# A new project



## rob.hough (Jul 27, 2007)

So the girlfriend decided she wanted wall cabinets mounted above the toilets in our bathrooms. Her kids and I have one thing in common for sure... All three of us are slobs! :laughing:

Anyways she spotted this thing at one of those bed/bath shops that I've dubbed... "Sheets & Sh!t". It runs $80 and the picture below is what you get.











I was looking at the box and saw that it was made from 1/2" MDF. I was like... For $80 I should be able to make 2 of those things and still have wood left over. Well... She took that dumb statement of mine and put it to task.

Last night I bought a sheet of 1/2" 4'x8' MDF, one 4'x8' sheet of 1/4 hardboard, some cabinet knobs and handles, paint and primer.
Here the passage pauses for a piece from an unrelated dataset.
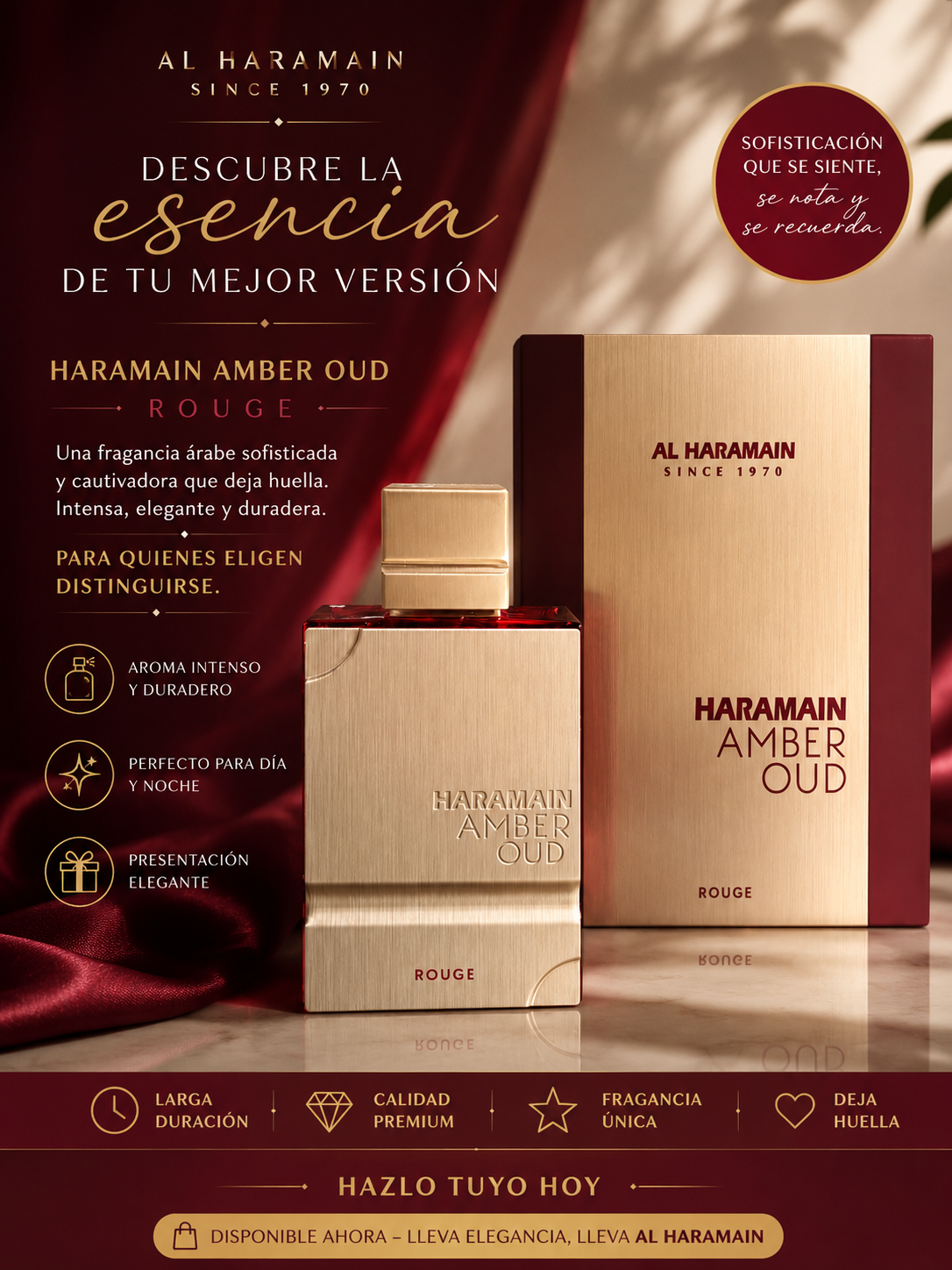 Perfume ROUGE de HARAMAIN AMBER OUD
The paint and hardware was the most expensive bits of the group. I've got plenty of primery to cover 5-6 of these cabinets, lol.

I drew this up in sketch up last night. This is a spin-off from the design she was looking at. We made it a little longer and deeper than the original. We also did away with the visible shelf. I might actually alter the cabinet that is going in our bathroom to include the visible shelf, I'm still on the fence about that. You can click the image for a larger version.



I'm plan on joining the top to the sides with rabbet joints. Not sure it's necessary for this project but I need the practice anyways. The shelves will fit into a dado cut on both sides. I think this will help me line things up. The center divider... I don't think a dado is necessary there but I might actually use one anyways. Again - I think the added practice can't hurt (unless I get my fingers in the way!)

The two cubbies will be individual drawers. Those, I think, will be the hardest thing for me to build. The open space underneath will actually have a bar extending the width of the cabinet to be used as a towel holder.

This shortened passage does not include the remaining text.